First, let’s talk about the very basic reality that the legislation enabling Boehner to sue the President is dead in the water. No doubt, the romper room members of the House will pass it, but it won’t pass the Senate and it sure as hell won’t be signed in to law by the President. Either Mr. Boehner knows that, which makes this yet another exercise in bovine fecal matter, or he is unfamiliar with the constitutional requirements to make law.
Also, the House will never have standing by itself to sue the President for not enforcing any other law it passed. (A favorite example of purportedly under enforced laws are the immigration statutes). The Senate would have to join that suit because without the Senate’s approval, no bill will ever amount to anything the President has to enforce. In other words, both the House and Senate have to have standing in order for the harm to be complete enough to bring suit. I’ll bet Harry Reid will never bring a vote to say so.

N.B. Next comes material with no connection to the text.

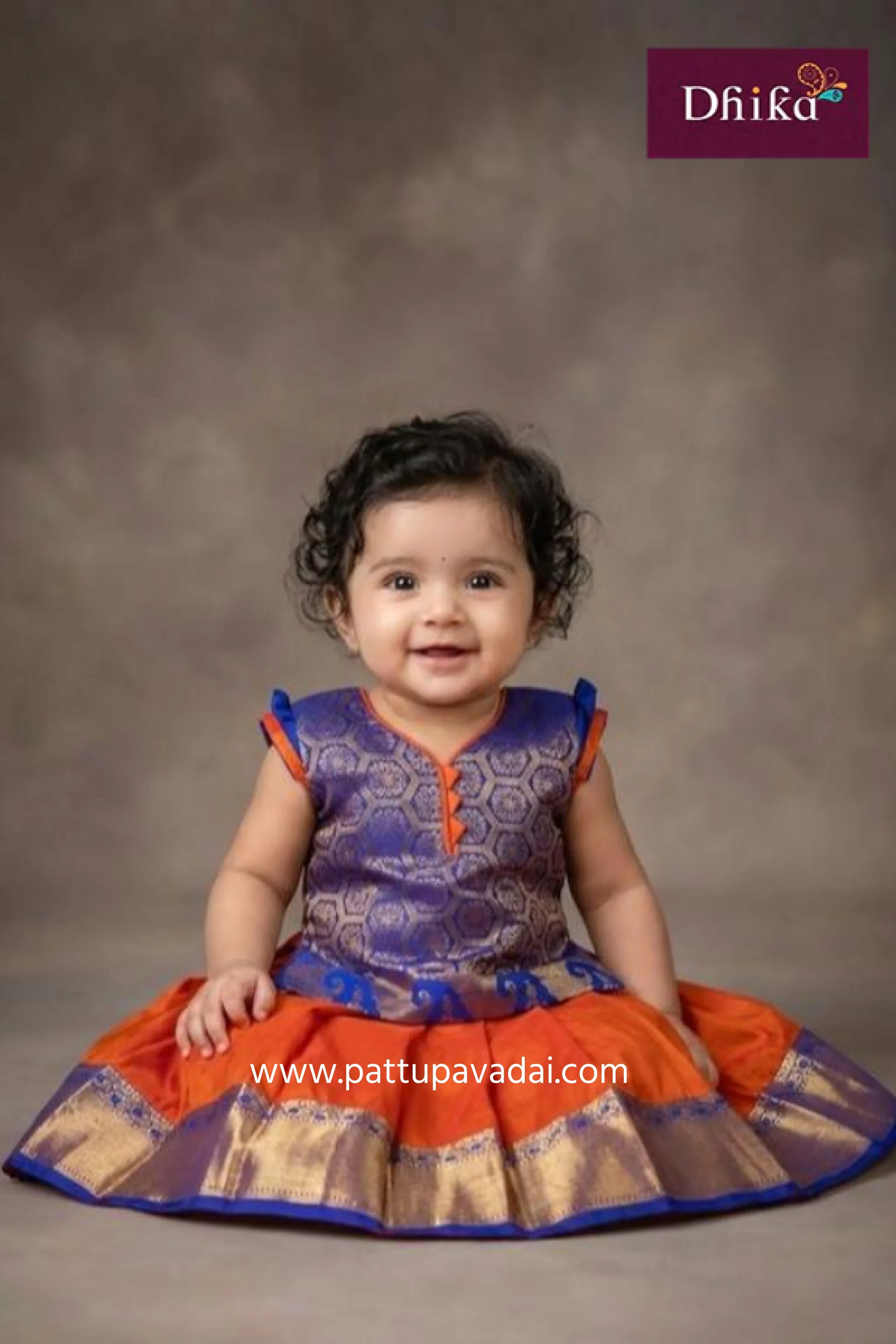 Blue & Orange Soft Silk Pavadai – Designer Festive Wear for Kids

It’s difficult to take Boehner’s threat to sue seriously because even if there was merit to his case (which there isn’t) he doesn’t have standing. Peter M. Shane, a professor of law at the Ohio State University explained it to Think Progress:
Noting that there have been very few cases of Congress suing the executive over administrative discretion, Shane observed that the courts would likely find some doctrinal excuse “to get out of the way of an inter-branch food fight” between the legislative and executive branches. “The biggest problem would be standing,” he observed, noting that if the courts allowed Congress to sue “whenever any statute is implemented with what it considered to be insufficient speed or comprehensiveness,” opening of floodgates wouldn’t “even begin, as a metaphor, to cover the disaster that would represent.” (my bold)
Since Boehner wouldn’t have standing any attempt to waste more tax dollars by suing the President for doing his job a court would dismiss the case without considering the merits.
That said; let’s talk about the hubris behind claims that the Supreme Court’s ruling is “proof” that President Obama has a “casual approach to the rule of law” because the ruling was unanimous vs. the merely “difference” of opinion of other Supreme Court rulings.
Actually, power grabs are part of the authoritarian conservatism we see in the Tea Party controlled Republicans in Congress and the conservative Justices on the Supreme Court. Citizens United wasn’t based on legal principles, the constitution nor on jurisprudence. In fact, the Roberts wing of the Court threw out decades of jurisprudence in a ruling based on something other than legal principles.
In fact, according to Geoffry R. Stone’s comments to the NYT on the difference between Liberal and Conservative SCOTUS Justices when they rule on important cases. While Liberal justices tend to rule based on legal principles, conservatives alternate between judicial activism for the rich and more deferential when it comes to everyone else’s rights.
Something is motivating them other than a completely neutral detachment. They chose to be activist in certain types of areas, and strike down law when laws disadvantage the wealthy,” Stone said in my telephone conversation with him. The conservative majority takes “an aggressive, muscular approach” in striking down a key provision of the 1965 Voting Rights Act, but then “suddenly becomes very passive in deferring to the legislature in the voter ID case.”
The fact is the do nothing Mr. Boehner and his crew of Koch puppets are in no position to sue the President for doing his job, not doing his job or whatever. They don’t have standing, they won’t get standing and frankly Boehner knows it.